Reflexiones en solitario


Reflexiones

Cancún, Quintana Roo

18 de marzo de 2019.

reflexiones, reflexión, vacaciones, mar, Conocí el mar cuando tenía 5 años; las olas que rompían en las playas de la isla de Ciudad del Carmen mojaron mis pies durante muchos veranos, porque  nunca me gustó ir más lejos de la orilla; aun en los brazos de mi padre o de la mano de mi tío Moisés me aterraba desaparecer en las profundidades, obvio no sé nadar.

Lo que a mí me gustaba era contemplarlo, escucharlo, sentarme a jugar con la arena; el mar en combinación con la luz y el calor del sol eran la definición perfecta de felicidad.

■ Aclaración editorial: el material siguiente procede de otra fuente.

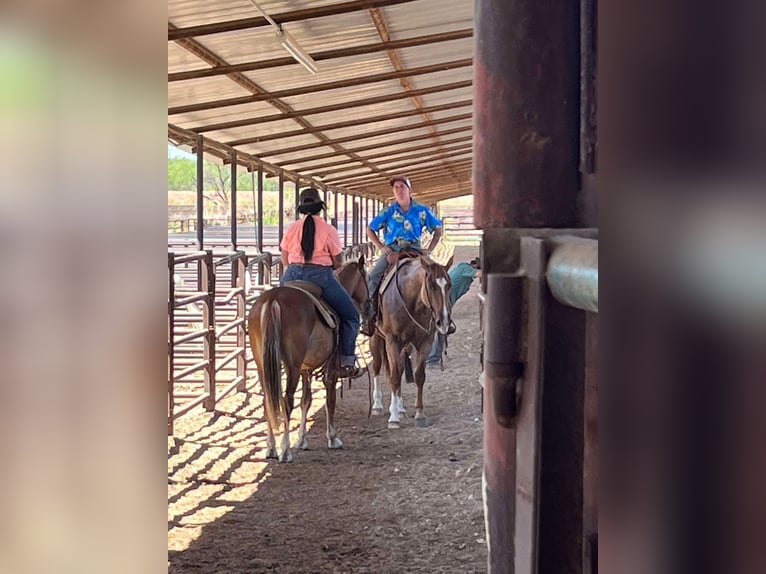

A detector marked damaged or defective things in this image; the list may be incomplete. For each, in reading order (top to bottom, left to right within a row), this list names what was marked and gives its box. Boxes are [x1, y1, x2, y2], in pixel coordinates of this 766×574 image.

rusty metal pole [474, 0, 584, 572]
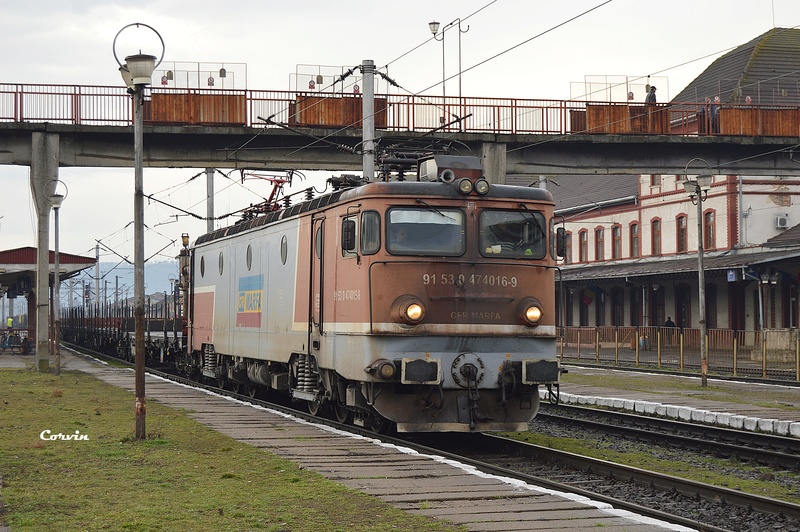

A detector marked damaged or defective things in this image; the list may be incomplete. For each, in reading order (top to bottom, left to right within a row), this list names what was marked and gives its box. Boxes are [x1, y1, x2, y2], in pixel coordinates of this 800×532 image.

rusty locomotive body [178, 155, 560, 432]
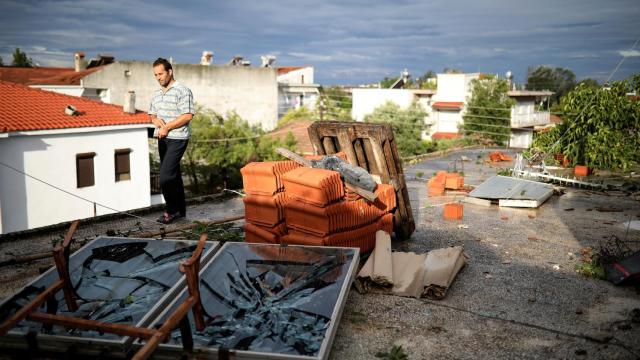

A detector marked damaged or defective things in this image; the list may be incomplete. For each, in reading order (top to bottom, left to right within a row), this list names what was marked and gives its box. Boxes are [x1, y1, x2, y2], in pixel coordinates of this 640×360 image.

broken panel frame [308, 122, 418, 240]
shattered glass [0, 238, 212, 338]
broken solar panel [0, 236, 218, 352]
broken panel frame [0, 231, 219, 358]
broken panel frame [141, 242, 360, 360]
broken solar panel [145, 242, 360, 360]
shattered glass [155, 242, 356, 358]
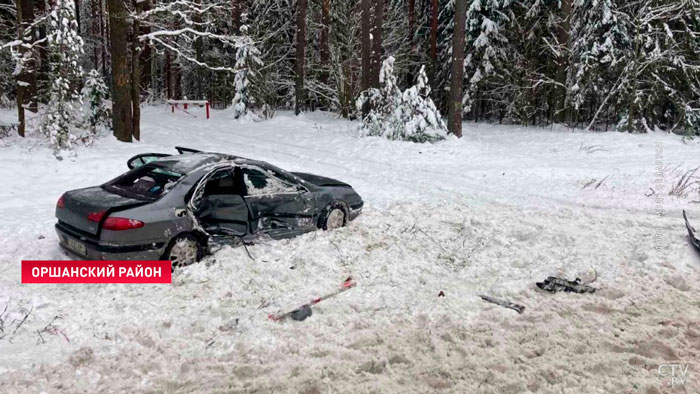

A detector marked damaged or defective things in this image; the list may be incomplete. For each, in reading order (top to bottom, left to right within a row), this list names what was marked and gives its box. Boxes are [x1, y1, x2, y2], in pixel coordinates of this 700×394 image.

Me encantaba observar el ir y venir de las olas, esperaba que ese vaiven me trajera conchitas con las que hilaba un collar y caracoles que llevaba a casa para poder seguir escuchando la música marina. Mares en calma acompañaron mi niñez, mares sensuales mi juventud.

Con los años descubrí que también existían los mares embravecidos, rebeldes, destructores, transformadores; como la vida ¿no? con sus contrastes. En eso radica su escencia y belleza: el mar es poderoso, el mar es cachondo, el mar es paz, el mar es violento, el mar es transmutador, el mar está vivo.

Las mejores vacaciones las he pasado junto al mar, con mis padres, en pareja, en familia, con amigos y con mis hijos.

Transcurrieron siete años para poder volver a sentir la arena en mis plantas, el sol quemando mis hombros y el baile de las olas en mis pantorrillas.

¡Qué oportuno fue el correo electrónico que llegó la madrugada de hace quince días! No era uno más de esos fastidiosos mensajes publicitarios que saturan el inbox; despegar.com anunciaba un viaje “imperdible” a Cancún por 5 días, todo incluido, precio inigualable.

—No, Mónica, no. Vas a saturar la tarjeta, no te van a dar permiso en la oficina, ¿vas a ir sola? Sí, Mónica, sí. Te lo mereces, las necesitas; la tarjeta se paga a meses, te deben vacaciones y sola ya has viajado.

¡Qué chingados! Enter, enter, enter y en tres clicks mis vacaciones estaban ahora en la bandeja de entrada, listas para imprimir.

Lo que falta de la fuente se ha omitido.